Start of Information provided

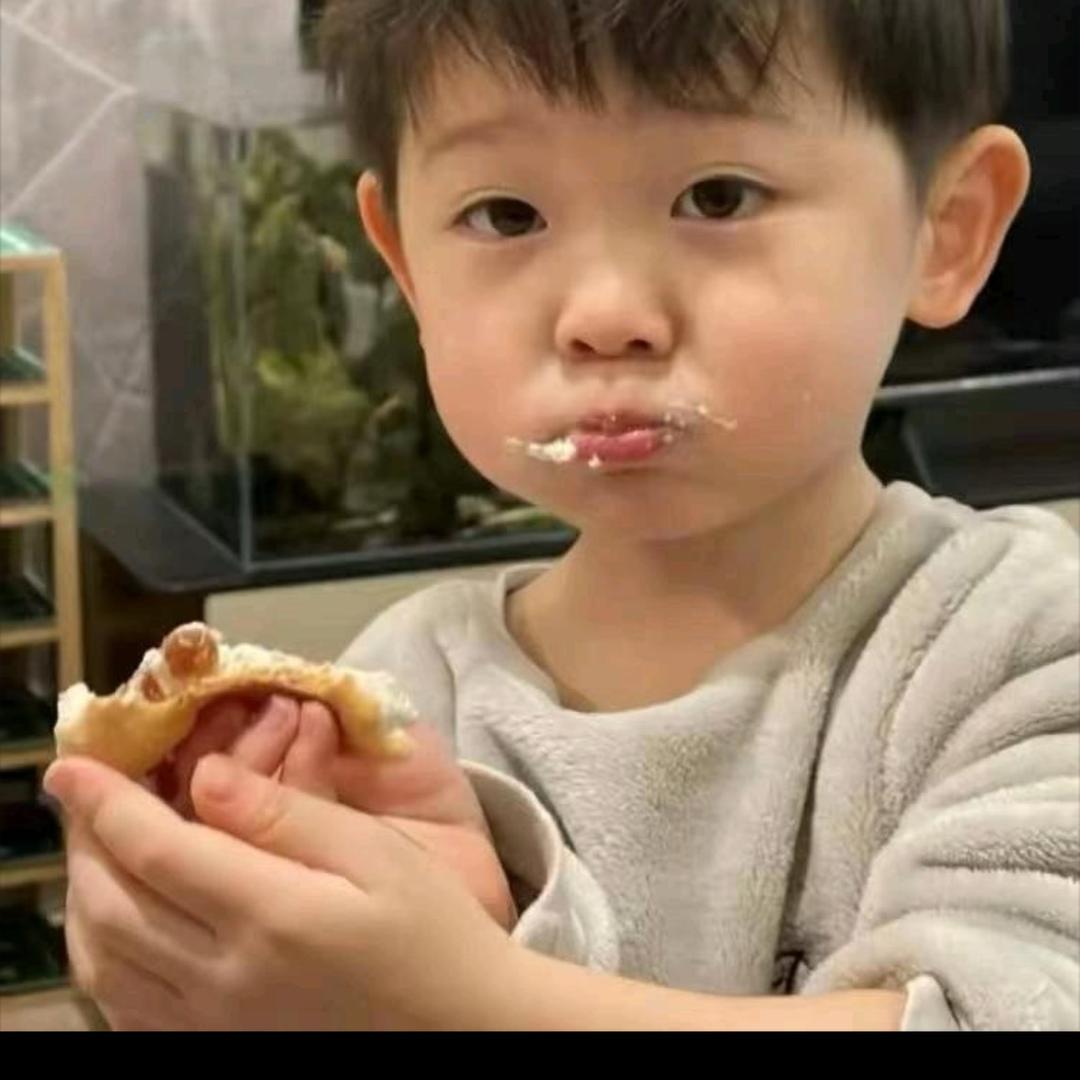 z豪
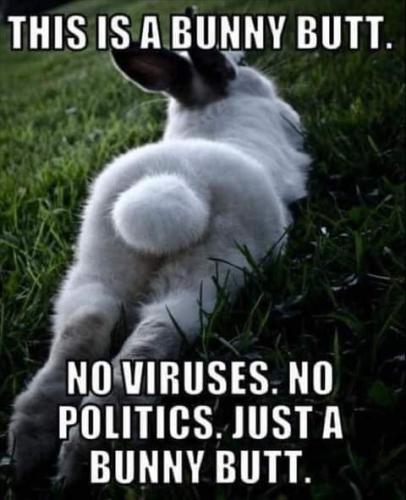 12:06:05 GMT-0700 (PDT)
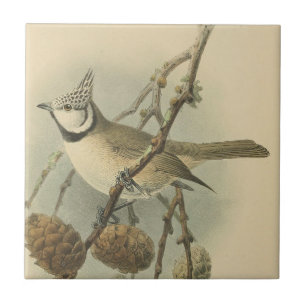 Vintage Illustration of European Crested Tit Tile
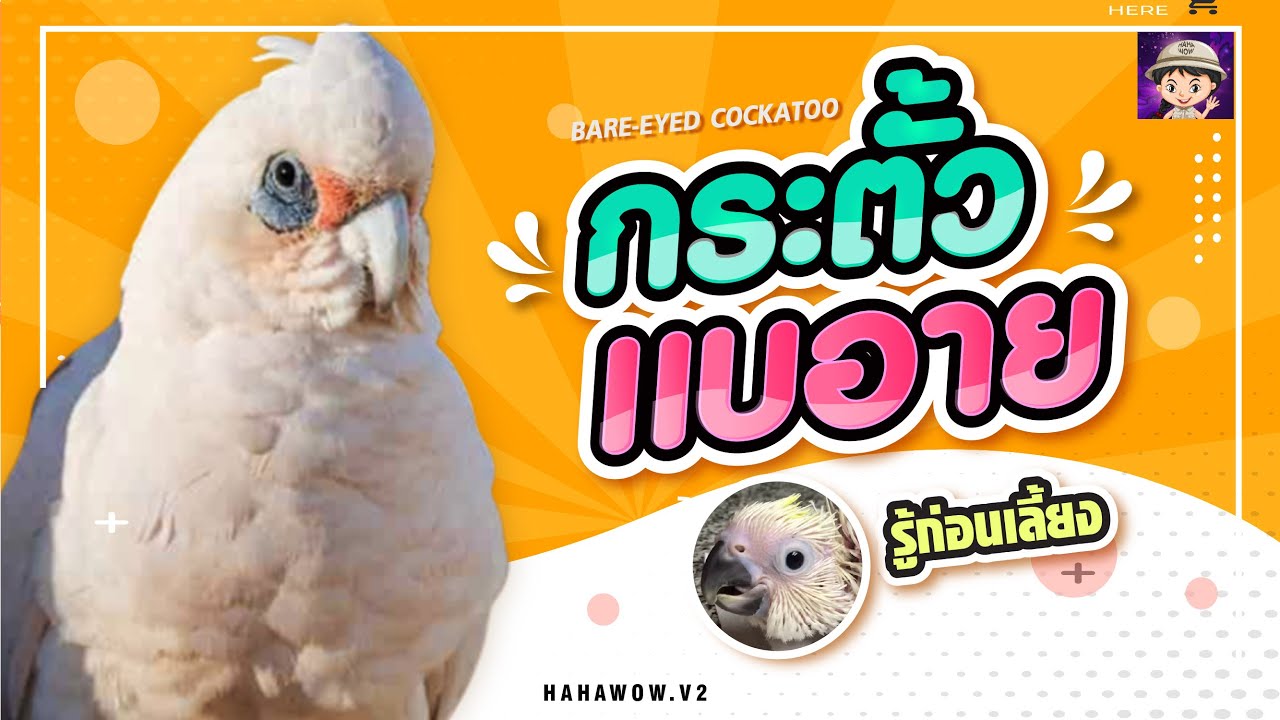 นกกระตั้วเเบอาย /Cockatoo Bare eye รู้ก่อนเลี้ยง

End of Information provided

What needs to be done: The expected output is exactly the lines from the one containing "Vintage Illustration of" through the last line of the listing, both included, with every picture left out.

Written answer:
 Vintage Illustration of European Crested Tit Tile
 นกกระตั้วเเบอาย /Cockatoo Bare eye รู้ก่อนเลี้ยง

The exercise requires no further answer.